Data items
※ ※ ※

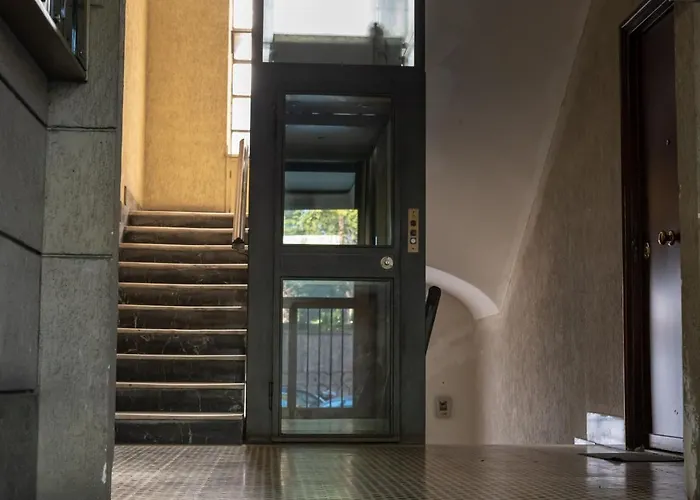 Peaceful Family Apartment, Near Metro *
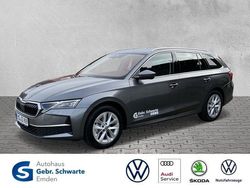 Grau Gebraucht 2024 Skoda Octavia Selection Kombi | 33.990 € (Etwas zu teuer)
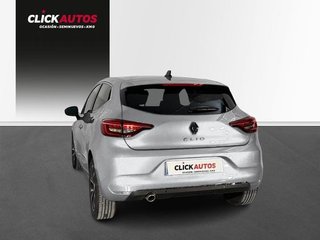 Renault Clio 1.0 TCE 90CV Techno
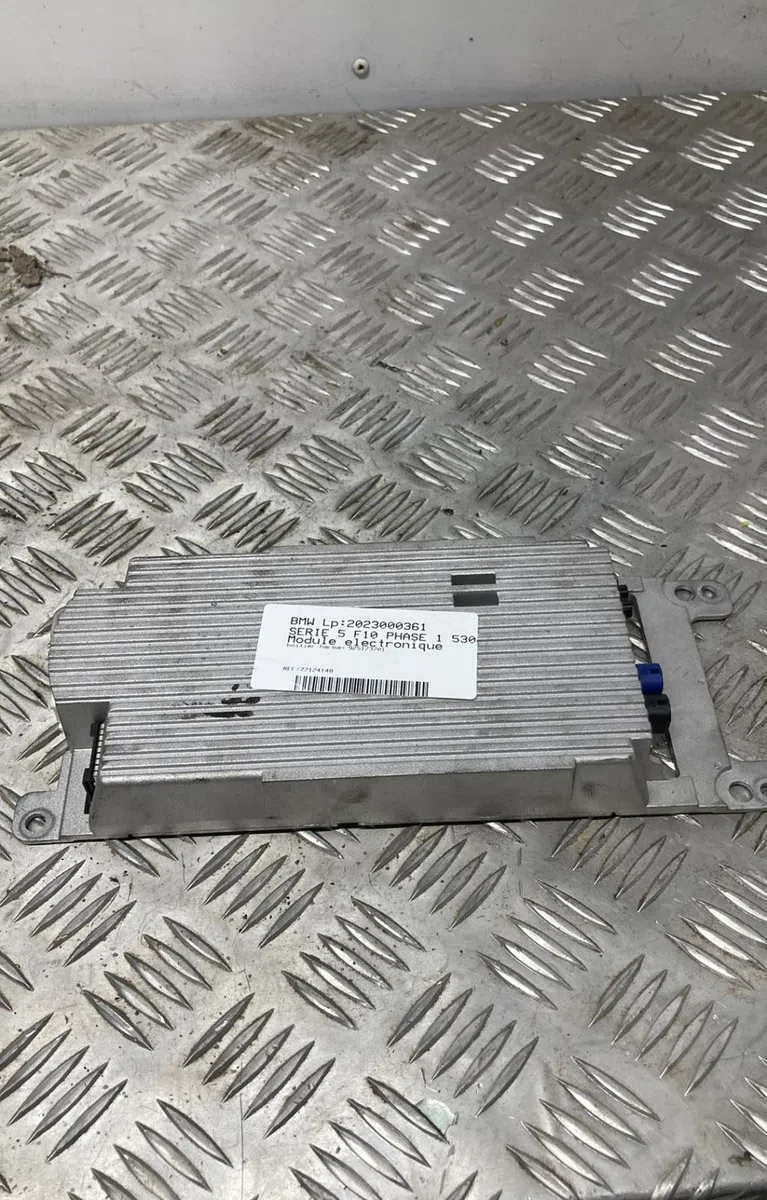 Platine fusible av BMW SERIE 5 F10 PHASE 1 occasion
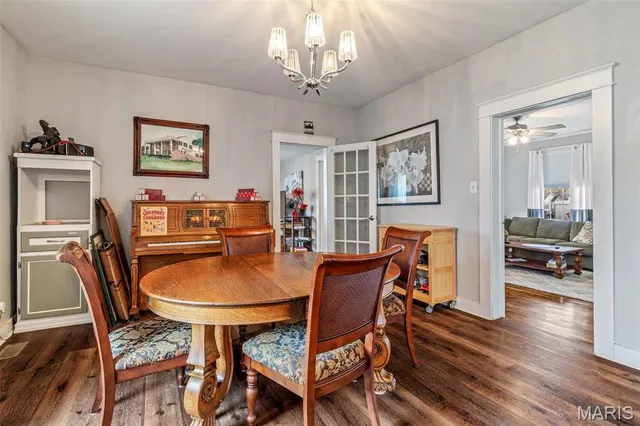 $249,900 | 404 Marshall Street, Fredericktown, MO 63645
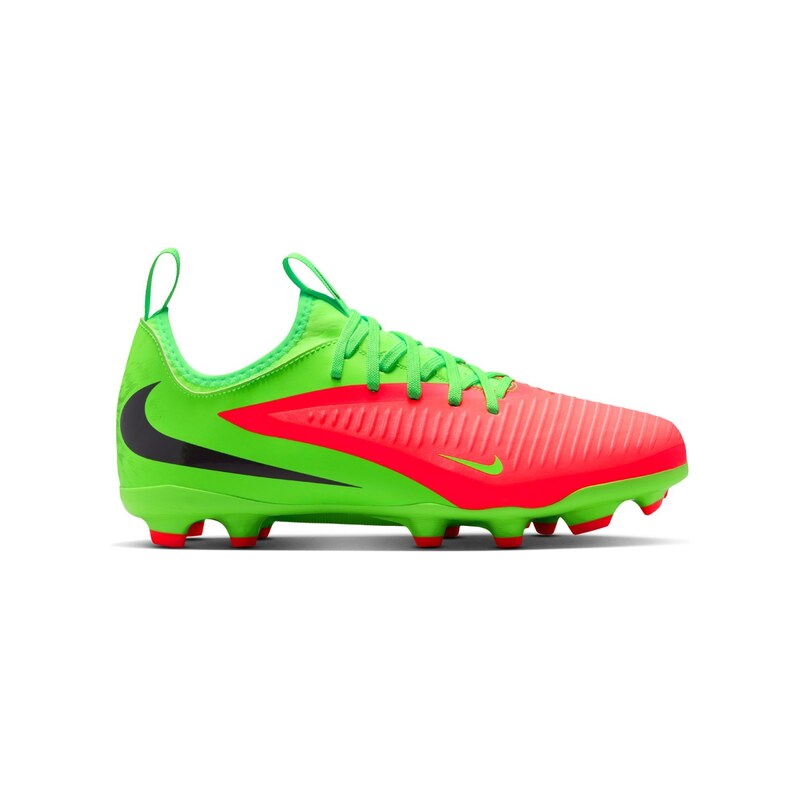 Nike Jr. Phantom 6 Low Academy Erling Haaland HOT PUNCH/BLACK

※ ※ ※

### EXERCISE
An exact copy of the records above is needed, with the pictures removed.

### EXERCISE SOLUTION
 Peaceful Family Apartment, Near Metro *
 Grau Gebraucht 2024 Skoda Octavia Selection Kombi | 33.990 € (Etwas zu teuer)
 Renault Clio 1.0 TCE 90CV Techno
 Platine fusible av BMW SERIE 5 F10 PHASE 1 occasion
 $249,900 | 404 Marshall Street, Fredericktown, MO 63645
 Nike Jr. Phantom 6 Low Academy Erling Haaland HOT PUNCH/BLACK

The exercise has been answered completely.